Gotcha: KV v2 adds /data/ and /metadata/ to internal paths. The CLI hides this — vault kv get secret/myapp works fine. But policies must use the internal path: path "secret/data/myapp/*", not path "secret/myapp/*". This mismatch is the #1 cause of "permission denied" errors when people first set up Vault policies. Use vault kv get -output-policy secret/myapp/config to see the exact policy path you need.

Database engine: credentials that self-destruct¶

This is where Vault gets interesting.

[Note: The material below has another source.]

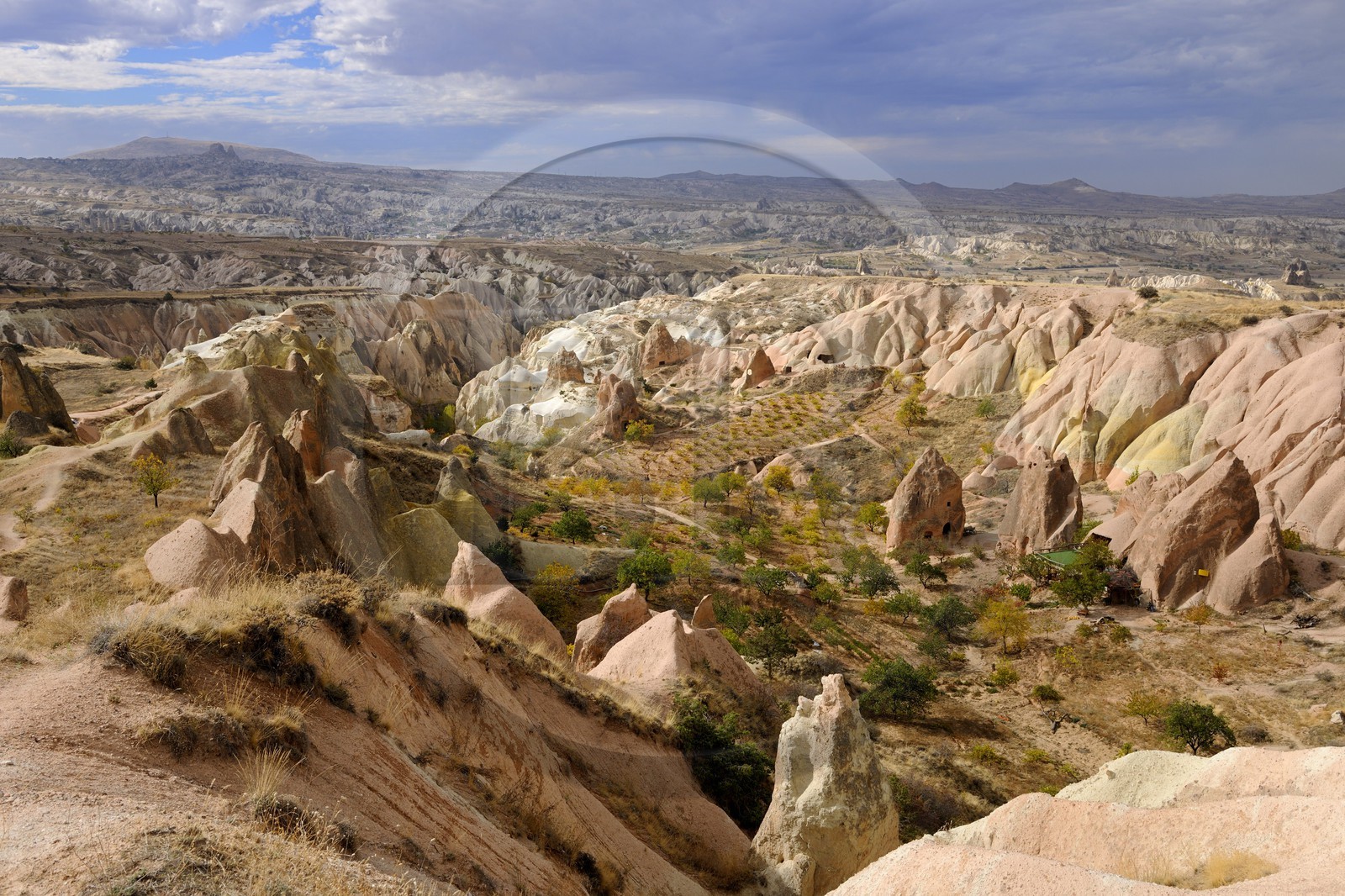 Turquie, Anatolie Centrale, province de Nevsehir, Cappadoce classée Patrimoine Mondial de l'UNESCO, vallon de Kizil Çukur (vallée Rouge) sur le versant occidental du massif de l'Ak Tepe vers Çavusin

Instead of storing a database password, Vault creates a temporary database user on the fly and destroys it when the lease expires.

# Enable the database secrets engine
vault secrets enable database

# Tell Vault how to connect to PostgreSQL
vault write database/config/mydb \
  plugin_name=postgresql-database-plugin \
  connection_url="postgresql://{{username}}:{{password}}@db.example.com:5432/mydb" \
  allowed_roles="readonly,readwrite" \
  username="vault_admin" \
  password="vault_admin_pass"

# Define a role: what kind of user to create
vault write database/roles/readonly \
  db_name=mydb \
  creation_statements="CREATE ROLE \"{{name}}\" WITH LOGIN PASSWORD '{{password}}' \
    VALID UNTIL '{{expiration}}'; \
    GRANT SELECT ON ALL TABLES IN SCHEMA public TO \"{{name}}\";" \
  default_ttl="1h" \
  max_ttl="24h"

Now watch this:

# Generate temporary credentials
vault read database/creds/readonly
# Key                Value
# ---                -----
# lease_id           database/creds/readonly/abc123
# lease_duration     1h
# username           v-token-readonly-8hF3kL
# password           A1b-2Cd-3Ef-4Gh

# That username and password work RIGHT NOW:
psql -h db.example.com -U v-token-readonly-8hF3kL -d mydb
# Connected!

# In 1 hour, Vault automatically runs:
# REVOKE ALL ON ALL TABLES FROM "v-token-readonly-8hF3kL";
# DROP ROLE "v-token-readonly-8hF3kL";

Every request gets a unique username and password. If one leaks, it affects one consumer for at most one hour. Compare that to prod-db-2024! sitting in Git for eleven days.

Mental Model: Static secrets are like giving everyone a copy of the office master key. Dynamic secrets are like a receptionist who creates a badge for each visitor, sets it to expire at 5pm, and shreds it if they don't return it. The receptionist is Vault. The badge is the lease.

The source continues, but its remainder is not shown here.